I am the devil, the devil's child, and of course the devil. When we present in the true face of the devil, we usually perform well. I saw it at the time... I just screamed! I have not been scared at all, hehe! Three o'clock in the middle of the night, some people in the hotel began to prank, they went to the doorbell of the tenant, and then quickly hid in the corner.

The little demon under the bed, the impatient bed, the boring dialogue, the habit of fixing love, they are even bored, when they see them, they emit the same screams, the same frightening expression, they feel bored, They decided to move.

Lying in the snow, three days and three nights, no one will find that the invisible world may be true, or it is not true.

If people are not fish, how can they understand the sorrow of fish; if a fish is not a bird, how can we understand the happiness of a bird; if a bird is not a human, how can we understand the absurdity of a person; if a person is not a bird, how can we understand the freedom of a bird; if a bird is not a fish, how can it be? Understand the depth of the fish; if the fish is not a human, how can you understand the childishness of the person; if you are not me, how can you understand me...

The leaves are gone, is the tree hibernating?
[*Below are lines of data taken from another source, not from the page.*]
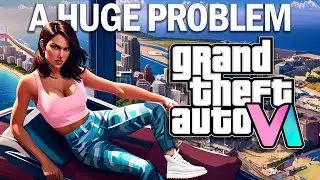 GTA 6's BIGGEST PROBLEM Nobody is Talking About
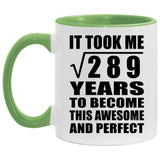 17th Birthday Took Square Root of 289 Years To Awesome - 11oz Accent Mug Green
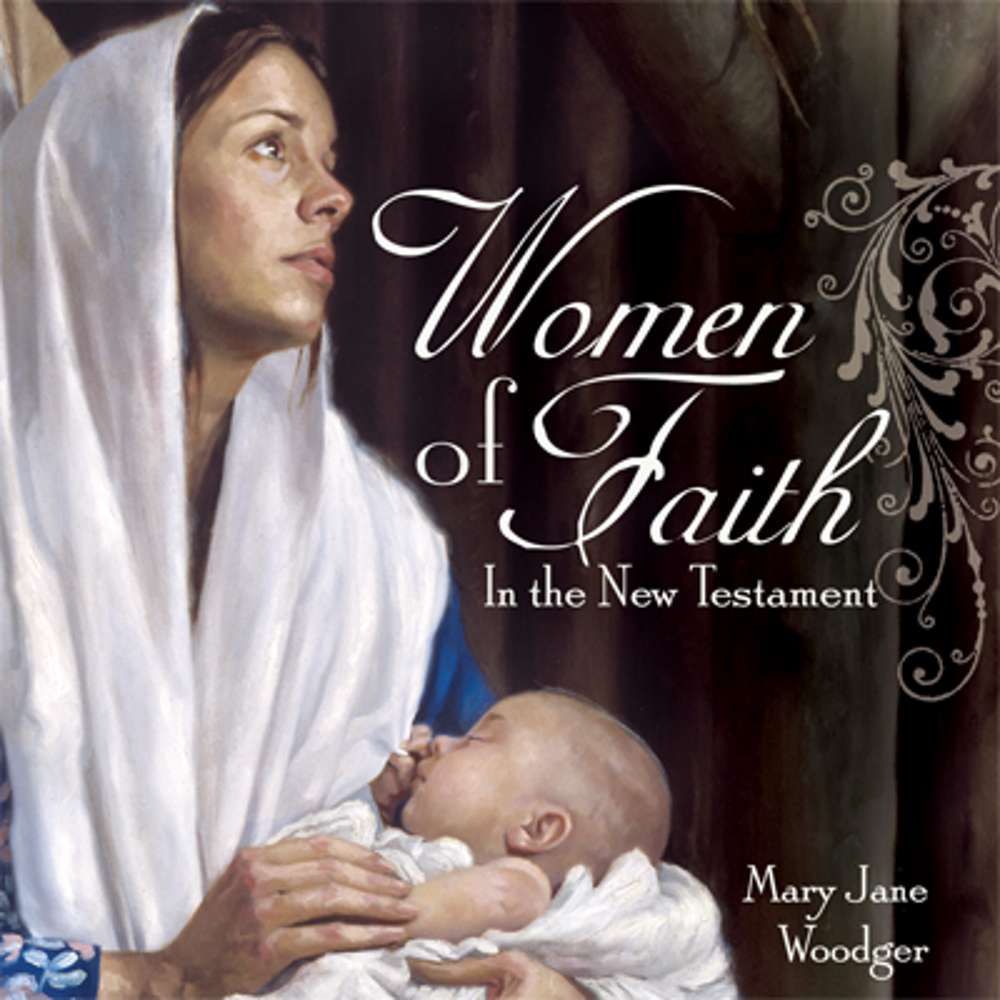 Women of Faith in the New Testament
The hair is gone, is the head hibernating? When the leaves are gone, the spring grows out, and the hair is gone, so it is not so lucky.
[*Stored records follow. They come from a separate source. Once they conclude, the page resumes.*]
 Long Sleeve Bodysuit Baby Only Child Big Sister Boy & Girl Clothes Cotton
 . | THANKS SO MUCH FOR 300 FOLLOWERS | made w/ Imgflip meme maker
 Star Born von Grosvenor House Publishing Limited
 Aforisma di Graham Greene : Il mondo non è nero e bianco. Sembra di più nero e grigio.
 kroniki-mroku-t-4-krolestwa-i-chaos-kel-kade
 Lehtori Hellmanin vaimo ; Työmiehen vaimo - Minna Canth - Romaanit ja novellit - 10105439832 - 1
Years, sometimes, a minute is long, sometimes, but very short. Sometimes I can understand the world, sometimes I don't understand it at all. When you love you, everything is beautiful, when you blame you, life is gray. Why is there just a sadness after the joy? Why is happiness easy to share with others, but sadness can only be tasted alone?

Of course you can see at a glance that I can never find the person I am looking for. I took the wrong dog, took the wrong glasses, and took the wrong hat. What is even more suspicious is that the fresh beef is still simmering on the stove at home. I have not turned it on or off. Of course you can see at a glance that I don't want to find the person I am looking for.